First, you might consider using Jupyter Notebook through the HPC portal over https. Just log in with your ONID credentials, and select "Jupyter Notebook" from the "Interactive Apps. Then put in "conda" for a module to load (and also add "cuda" if you plan to reserve a GPU) then fill in the blanks with whatever time and resources you need. This will launch the Jupyter Notebook app on your browser with the resources you have reserved.
If however, you still require running Jupyter over ssh rather than https then follow the steps below:
1) from a submit node, request resources (e.g. 4 cpu cores and gpu if needed) using srun, e.g.:
srun -c 4 --gres=gpu:1 --pty bash
2) from your active srun session, load a conda module which has jupyter-notebook installed:
module load conda
Alternatively, you may activate your own conda instance or python virtual environment containing jupyter-notebook.
3) from your active srun session, launch Jupyter notebook without browser but using an open port like 8080:
jupyter notebook --no-browser --port=8080
4) from your laptop or desktop, set up an ssh tunnel, e.g.:
ssh -N -L 8080:localhost:8080 {onid}@compute-{hostname}.hpc.engr.oregonstate.edu
This part can be tricky. The hostname given in the "srun" session is an internal cluster name, so if accessing from outside the cluster that name must start with "compute-" (see FAQ #A.3 for details). So if your srun session is on dgx2-1 then you would use "compute-dgx2-1", but if your session is on cn-gpu5 then you would use "compute-gpu5".
5) after providing the credentials for your ssh tunnel, open a browser on your laptop or desktop to:
You should now have access to your Jupyter Notebook on the HPC cluster.
Yes. Matlab can make use of all the cores that you request on a single node, but if you need multiple workers over multiple nodes, you can try using Matlab Parallel Server using the following steps:
1) Launch Matlab 2021b on your Windows (or Mac or Linux) computer
2) Go to the "Add-Ons" icon, select "Get Add-Ons"
3) Within the Add-On Explorer, search for "Slurm". Select the "Parallel Computing Toolbox plugin for MATLAB Parallel Server with Slurm", and install that Add-On. You will be asked to authenticate to your Matlab account.
4) After installation has completed, you will be asked to configure this Add-On.

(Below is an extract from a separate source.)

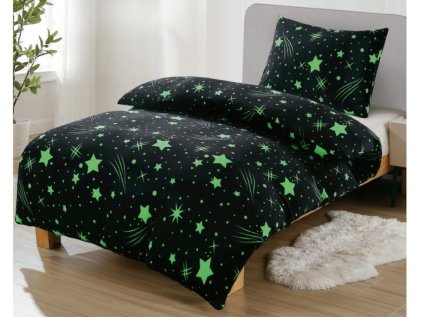 Mikroplyšové povlečení NIGHT STARS tmavě zelené s hvězdami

Proceed with the following options:
Choose "non shared" profile.
ClusterHost = any HPC submit host, e.g. "submit-b.hpc.engr.oregonstate.edu" (other choices can be submit-a or submit-c)
RemoteJobStorageLocation = "/nfs/hpc/share/{onid} or "/nfs/hpc/share/{onid}/matlab"
Username = {onid}
5) After that, you can go to "Parallel" and select "Create and Manage Clusters" to further edit your profile, e.g. you can set NumWorkers and NumThreads.
6) Click "Done" to save changes, then validate your new profile. The validation may fail on the last step due to a name resolution error, but the Matlab job should still run.
At present, running Matlab Parallel Server in this way has some limitations. For more options, it may be better to run Matlab Parallel Server via command line directly on the cluster.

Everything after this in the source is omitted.